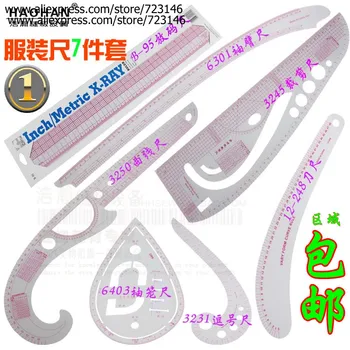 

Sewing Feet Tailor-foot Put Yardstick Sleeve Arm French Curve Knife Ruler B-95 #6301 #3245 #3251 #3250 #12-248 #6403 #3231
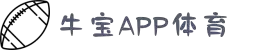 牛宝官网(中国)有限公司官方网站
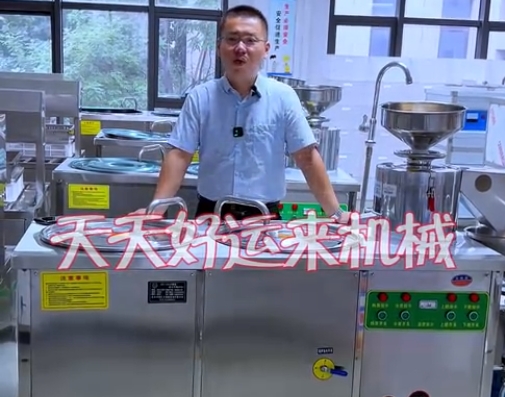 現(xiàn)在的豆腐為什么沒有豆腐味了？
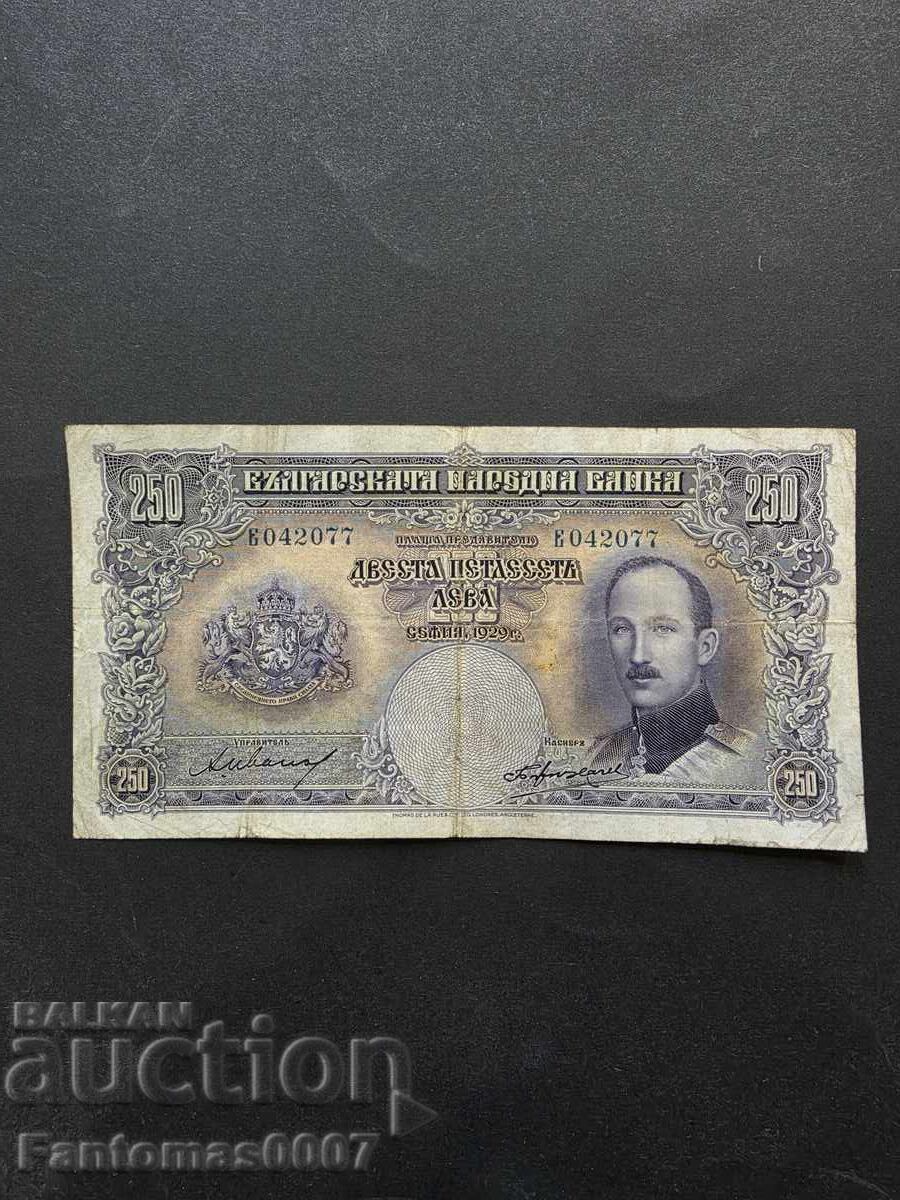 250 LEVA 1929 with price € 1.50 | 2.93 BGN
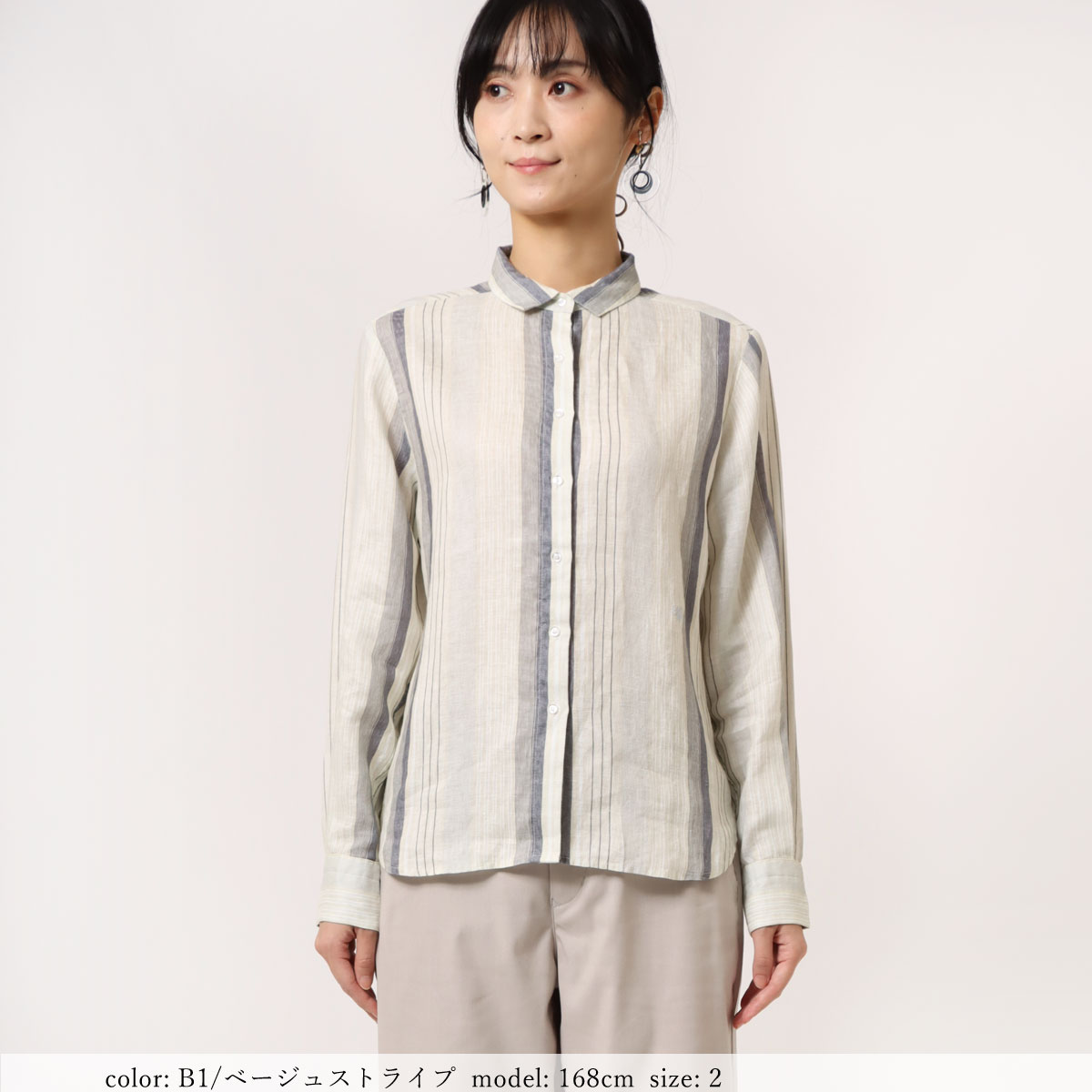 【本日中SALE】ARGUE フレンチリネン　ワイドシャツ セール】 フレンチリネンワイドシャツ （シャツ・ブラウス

- Your task -
No pictures go in the copy. Retype exactly the lines from the one with "牛宝官网(中国)有限公司官方网站" through the last line of the entries above, both included, and nothing more.

- Reply -
 牛宝官网(中国)有限公司官方网站
 現(xiàn)在的豆腐為什么沒有豆腐味了？
 250 LEVA 1929 with price € 1.50 | 2.93 BGN
 【本日中SALE】ARGUE フレンチリネン　ワイドシャツ セール】 フレンチリネンワイドシャツ （シャツ・ブラウス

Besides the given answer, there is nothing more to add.